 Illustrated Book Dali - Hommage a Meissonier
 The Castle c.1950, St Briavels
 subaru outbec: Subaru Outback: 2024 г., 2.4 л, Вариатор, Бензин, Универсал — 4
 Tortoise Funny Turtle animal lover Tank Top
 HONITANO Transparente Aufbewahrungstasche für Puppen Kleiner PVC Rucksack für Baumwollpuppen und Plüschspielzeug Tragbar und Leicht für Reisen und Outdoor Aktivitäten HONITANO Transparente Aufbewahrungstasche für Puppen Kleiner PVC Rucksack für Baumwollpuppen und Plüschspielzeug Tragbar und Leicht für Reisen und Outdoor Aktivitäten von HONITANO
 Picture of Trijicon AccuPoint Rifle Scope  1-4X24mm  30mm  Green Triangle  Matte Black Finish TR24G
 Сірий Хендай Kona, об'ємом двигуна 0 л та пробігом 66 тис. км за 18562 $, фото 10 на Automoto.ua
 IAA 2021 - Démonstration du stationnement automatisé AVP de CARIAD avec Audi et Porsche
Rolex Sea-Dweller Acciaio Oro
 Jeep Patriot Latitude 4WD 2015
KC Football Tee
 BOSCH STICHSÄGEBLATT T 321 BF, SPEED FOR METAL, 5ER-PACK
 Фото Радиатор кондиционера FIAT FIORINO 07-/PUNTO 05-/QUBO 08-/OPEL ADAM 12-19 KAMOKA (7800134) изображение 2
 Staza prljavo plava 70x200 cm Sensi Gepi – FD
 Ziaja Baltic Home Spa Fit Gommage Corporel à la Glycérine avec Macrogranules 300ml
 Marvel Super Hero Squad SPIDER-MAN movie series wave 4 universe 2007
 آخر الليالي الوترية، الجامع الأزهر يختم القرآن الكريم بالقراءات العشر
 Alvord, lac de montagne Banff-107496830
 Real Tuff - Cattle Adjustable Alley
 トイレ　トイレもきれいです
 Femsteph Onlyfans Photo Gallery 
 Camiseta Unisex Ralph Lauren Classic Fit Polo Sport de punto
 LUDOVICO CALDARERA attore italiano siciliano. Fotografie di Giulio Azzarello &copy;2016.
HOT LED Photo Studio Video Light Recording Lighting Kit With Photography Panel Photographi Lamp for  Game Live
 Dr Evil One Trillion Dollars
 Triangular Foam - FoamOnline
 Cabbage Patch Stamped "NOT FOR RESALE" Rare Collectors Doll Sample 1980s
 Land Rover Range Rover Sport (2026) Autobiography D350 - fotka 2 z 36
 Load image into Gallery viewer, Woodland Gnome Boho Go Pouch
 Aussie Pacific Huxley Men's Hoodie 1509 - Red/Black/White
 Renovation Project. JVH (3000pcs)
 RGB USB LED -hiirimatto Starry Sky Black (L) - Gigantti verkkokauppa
_ _ _ _ _ _ _
AIM OF THE EXERCISE ::
If a line of the data above contains "Sport", copy it out.

ANSWER TO THIS EXERCISE ::
 Camiseta Unisex Ralph Lauren Classic Fit Polo Sport de punto
 Land Rover Range Rover Sport (2026) Autobiography D350 - fotka 2 z 36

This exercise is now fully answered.